The desert wind moved gently across their faces.
For a while, no one spoke.
The Blossom Opens
In the morning, the students returned to the city.
The market was just beginning to wake. The same colours appeared. The same scents. The same invitations.
But something had changed.
Toma bought a single orange and peeled it slowly. Leena bought one small cup of tea and drank it beside a blue doorway. Hari walked past three stalls before stopping at one, not because it shouted the loudest, but because he was actually present enough to choose.
The monk watched them with satisfaction.
A merchant called out, “Master! Come see my finest lamps!”
The monk bowed. “Perhaps another day.”
Leena smiled. “You do not want one?”
“I can enjoy its beauty without carrying it away.”
Hari laughed. “That sounds difficult.”
“Yes,” said the monk. “At first.”
Toma held up the orange peel. “So we are not trying to reject the market?”
“No,” said the monk. “The market is not the prison.
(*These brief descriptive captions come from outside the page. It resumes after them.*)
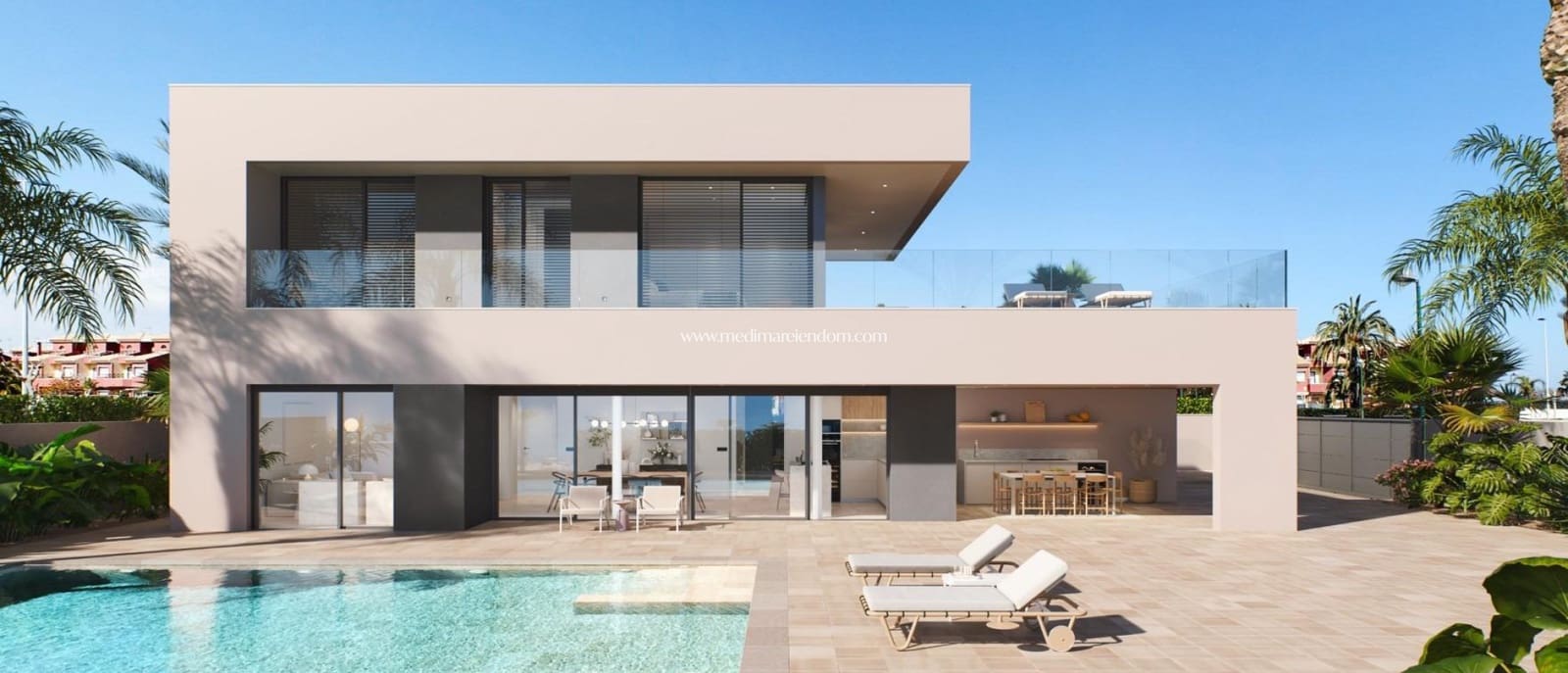 5 soveværelse Villa til salg i Pilar de la Horadada med swimmingpool - € 2.950.000 (Ref: 9438747)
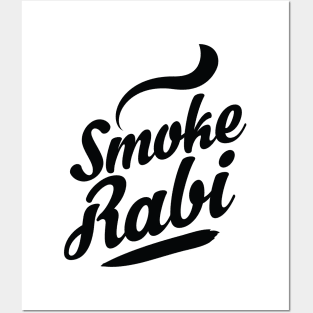 Smoke Rabi Posters and Art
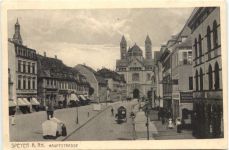 Speyer - Hauptstrasse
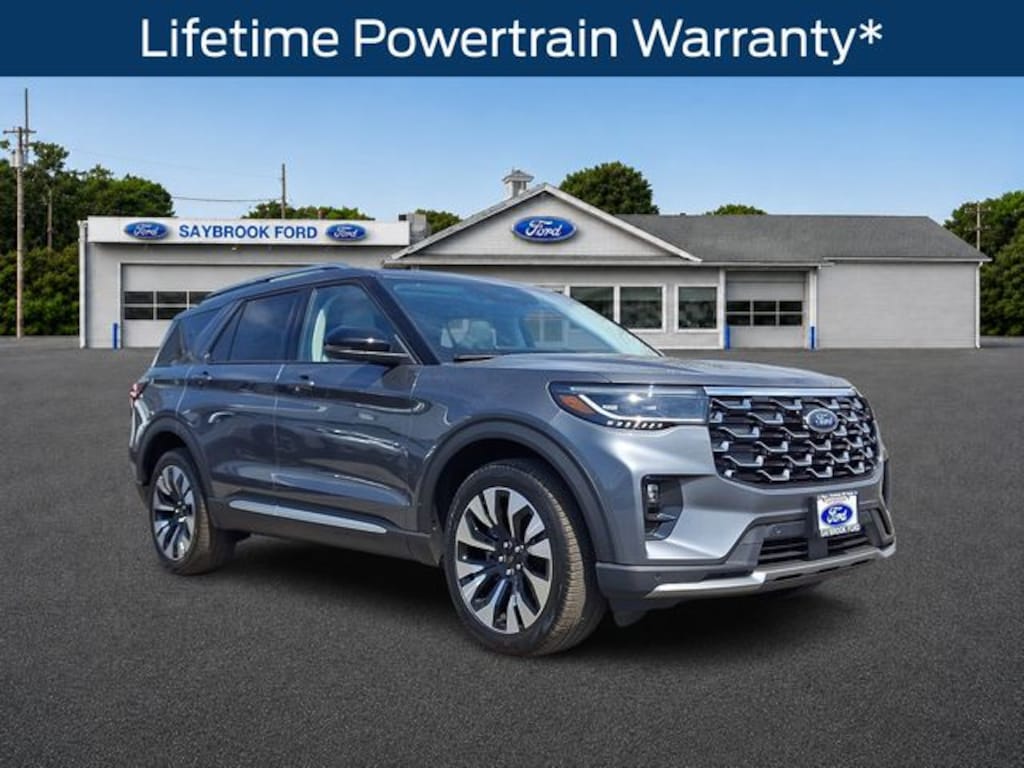 New 2026 Ford Explorer Platinum SUV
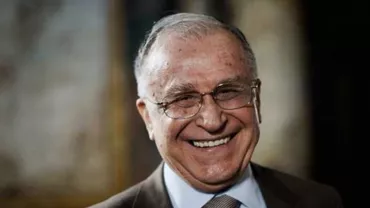 Ion Iliescu își serbează astăzi ziua de naștere. Fostul șef al statului împlinește 86 de ani (VIDEO)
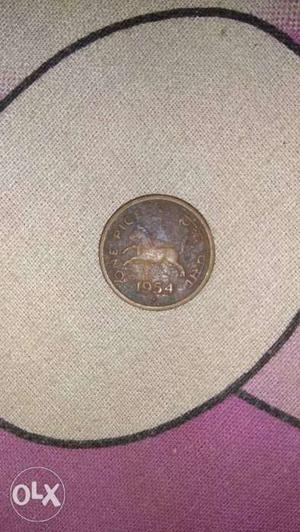 It's an  Indian coin ONE PICE not paise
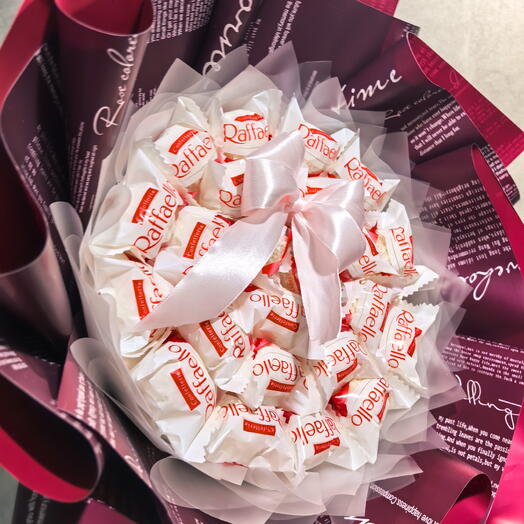 Райское наслаждение 😍 ; Букет из конфет; Подарок любимой; Сладкий букет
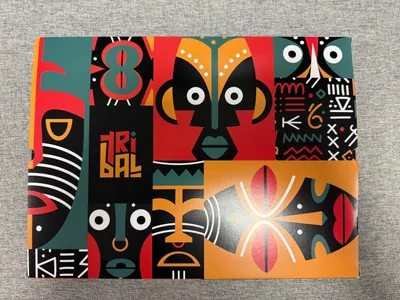 GMK CYL Tribal keycap set with base kit and extras kit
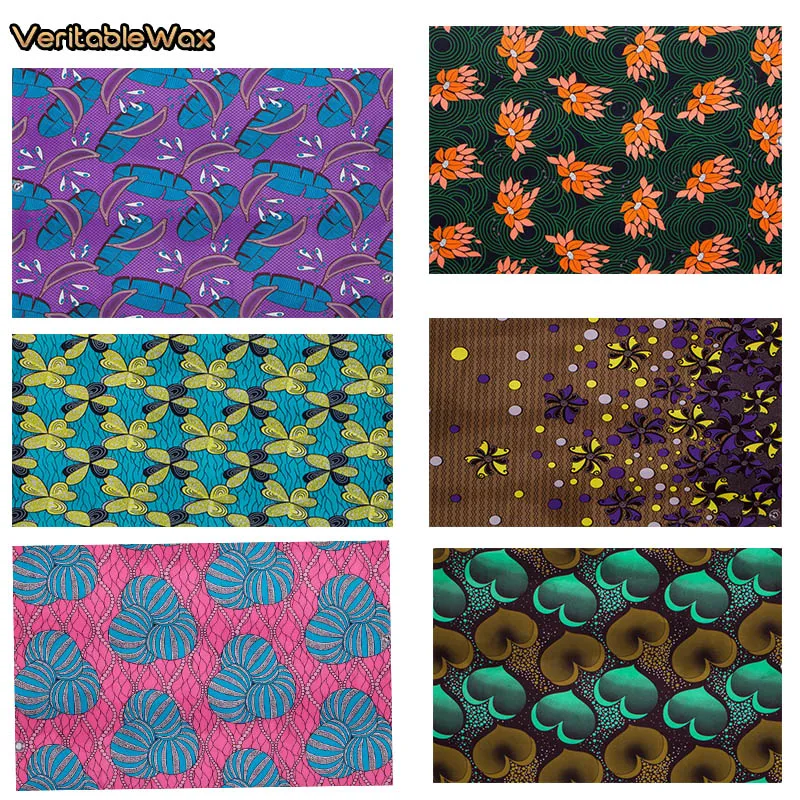 Châu Phi Nigeria in hình vải B - đánh giá và giá Sewing Batik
The leaning is.”
Leena looked at the crowd moving around them. “And the flower?”
The monk pointed upward.
Above the market, sunlight poured over the rooftops, touching every wall.
“The flower was never wrong for reaching,” he said. “But it suffered when it believed light existed only in one direction.”
Conclusion
The students walked on, not as people who had conquered desire, but as people who had begun to understand its movement.
They still enjoyed sweetness.
They still felt hunger.
They still admired beauty.
But now they watched for the moment when enjoyment became leaning, when tasting became chasing, when the present thing became merely a bridge to the next.
And whenever they remembered, they returned.
Not to less life.
To more contact with life.
Questions for Further Discussion
Where in your life do you notice the “drive exceeding the speed of presence”?
What are some 10/10 experiences that leave residue, craving, or continuation?
What are some 5/10 experiences that can be felt, completed, and released?
How does orientation create both a “front” and a “back” in emotional life?
What would it mean to be “surrounded by light” rather than always growing toward it?
Dancing Buddha Quote
“The Middle Way is not the choosing of a softer wall; it is the seeing of walls, the ending of leaning, and the quiet discovery that the flower was never separate from the sun.”